Sunday, September 27, 2009

Still not giving up...

The job interview seemed to go well Friday. They'll call me in for a second interview if my references work out. They should work out.

I'm still not giving up. There's part of me that wants to. But Holy Spirit just isn't allowing me to give up here.

I still get the comment from people from time to time "maybe you should think about going back home". The thought comes to my head all the time! But every time, the Holy Spirit says "NO".

Those who are telling me to go home are ultimately telling me to let the circumstances control me. They may not be meaning to do that, but that's what they're doing. Even a few people here at Bethel Church have told me that I should go home. However, if they say that, they're essentially letting the very strongholds they say they have authority over control me, and in a way, control them as well.

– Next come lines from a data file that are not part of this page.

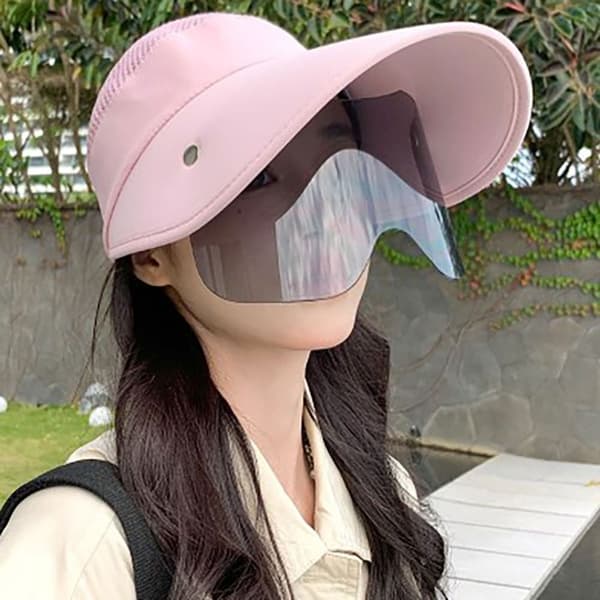 Solhatt Solskjermhatt 3 3 3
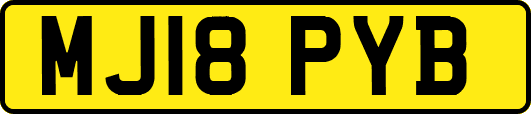 MJ18PYB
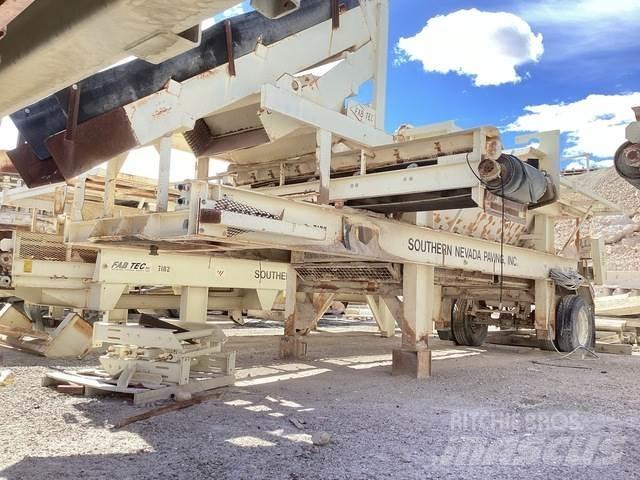 Fabtech 6x20 Drugo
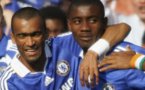 Officiel : Chelsea confirme les départs de Kalou et Bosingwa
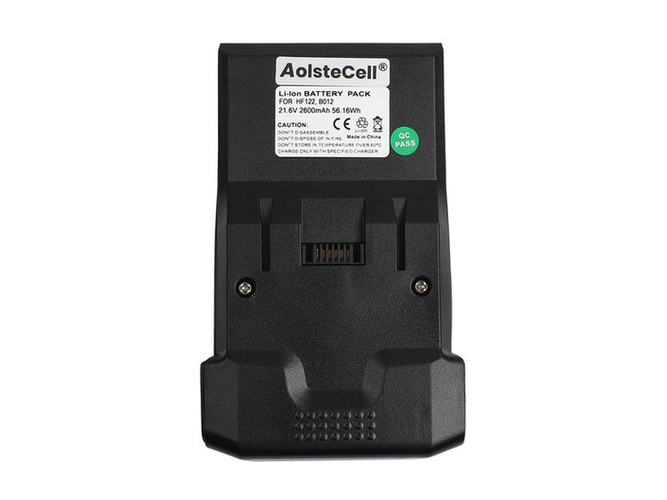 Batteri till  Hoover H Free 100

Now is not the time to quit! I'm done quitting things mid-stream.

I need people's support. I don't mean financial support, though that helps. What I mean are people's words of encouragement. I've had prophetic words that have confirmed that I'm supposed to be there. No, things aren't working out like I think they're working out. But just because things don't work out like you want them to doesn't mean you're not supposed to be there.

If you can't support me with words of encouragement to stay here, stay silent. I don't want your word curses spoken. But I welcome the encouragement, especially in the times I feel like giving up.

I've been going back and forth a lot between wanting to stay and wanting to give up. But I know in my heart I can't give up.